What the task asks — Whatever pictures the entries hold, omit them, and output exactly the lines from the one containing "San Diego tide" through the final line.

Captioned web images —
+++++

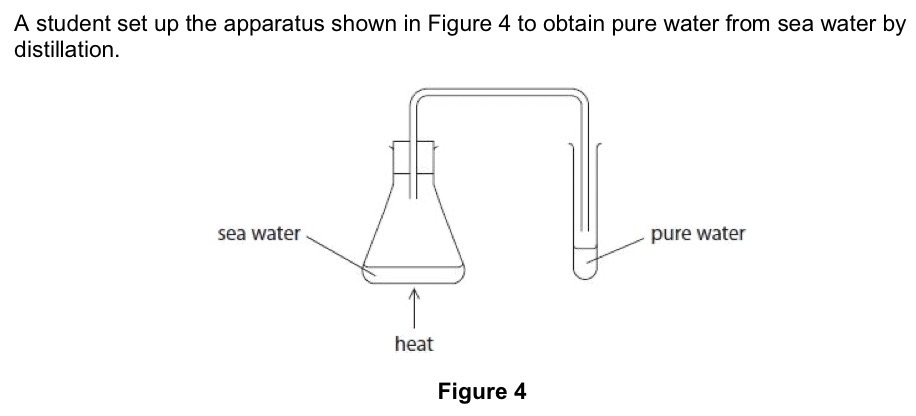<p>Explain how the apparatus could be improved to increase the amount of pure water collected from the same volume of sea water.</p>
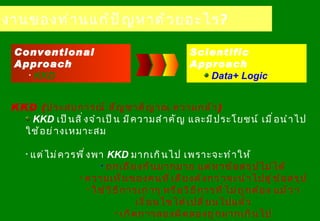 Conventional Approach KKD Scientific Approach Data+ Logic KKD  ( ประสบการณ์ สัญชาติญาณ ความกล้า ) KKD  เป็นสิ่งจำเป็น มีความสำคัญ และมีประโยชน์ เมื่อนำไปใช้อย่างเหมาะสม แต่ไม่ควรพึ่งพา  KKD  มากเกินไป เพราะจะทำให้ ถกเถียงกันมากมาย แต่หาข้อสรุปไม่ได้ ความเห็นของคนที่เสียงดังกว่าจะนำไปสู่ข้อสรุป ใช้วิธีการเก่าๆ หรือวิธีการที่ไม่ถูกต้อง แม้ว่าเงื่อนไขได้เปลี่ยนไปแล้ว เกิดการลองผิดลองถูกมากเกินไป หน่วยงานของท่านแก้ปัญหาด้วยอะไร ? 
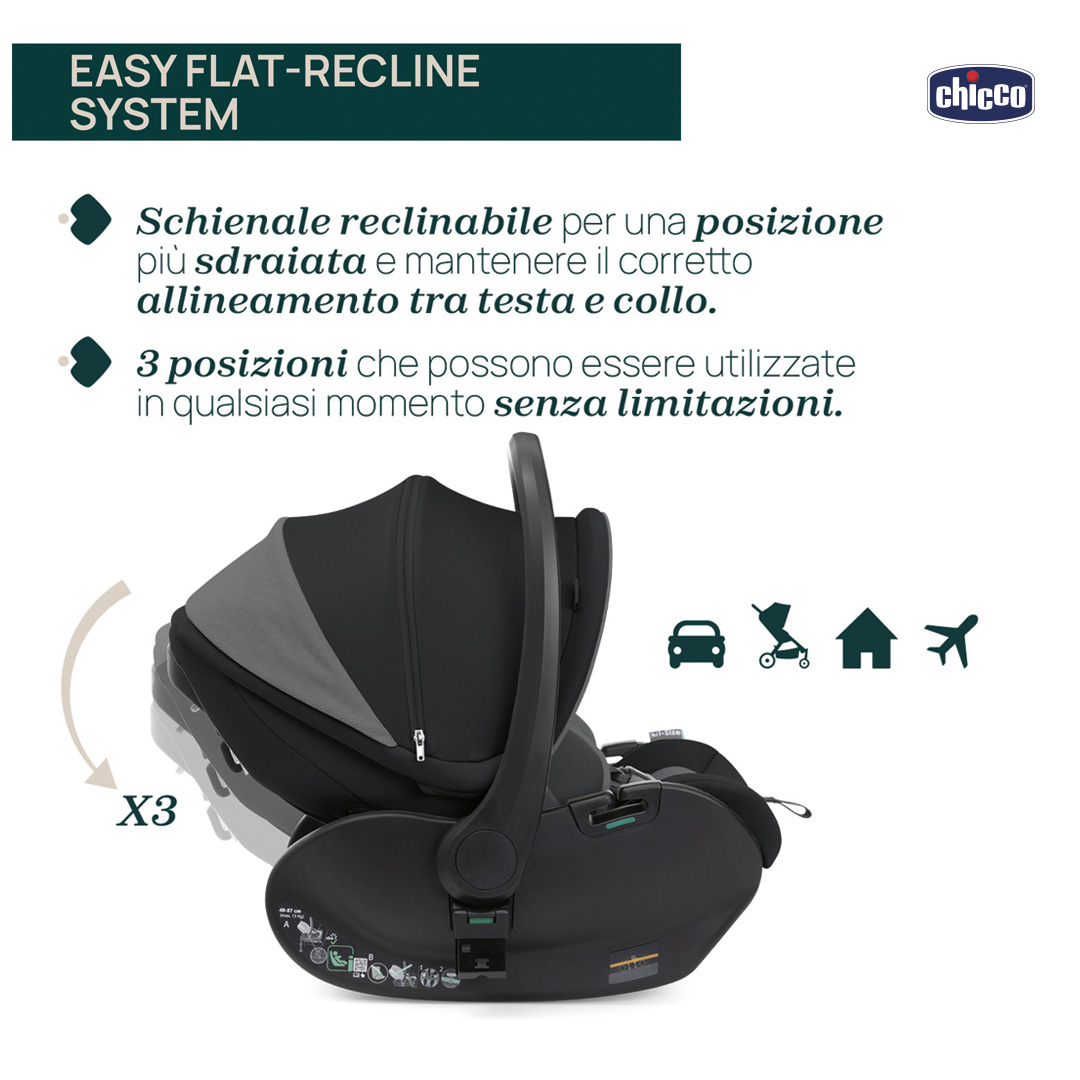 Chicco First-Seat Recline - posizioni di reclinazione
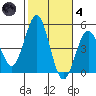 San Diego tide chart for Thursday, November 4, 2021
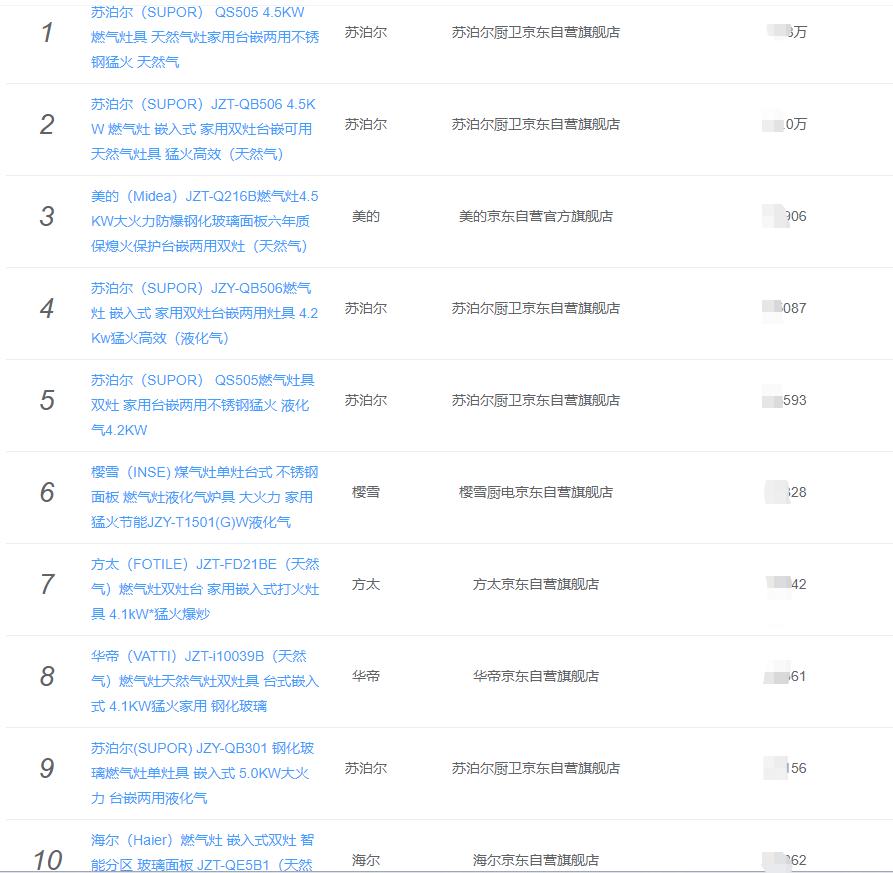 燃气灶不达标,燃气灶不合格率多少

+++++

Result of the exercise —
 San Diego tide chart for Thursday, November 4, 2021
 燃气灶不达标,燃气灶不合格率多少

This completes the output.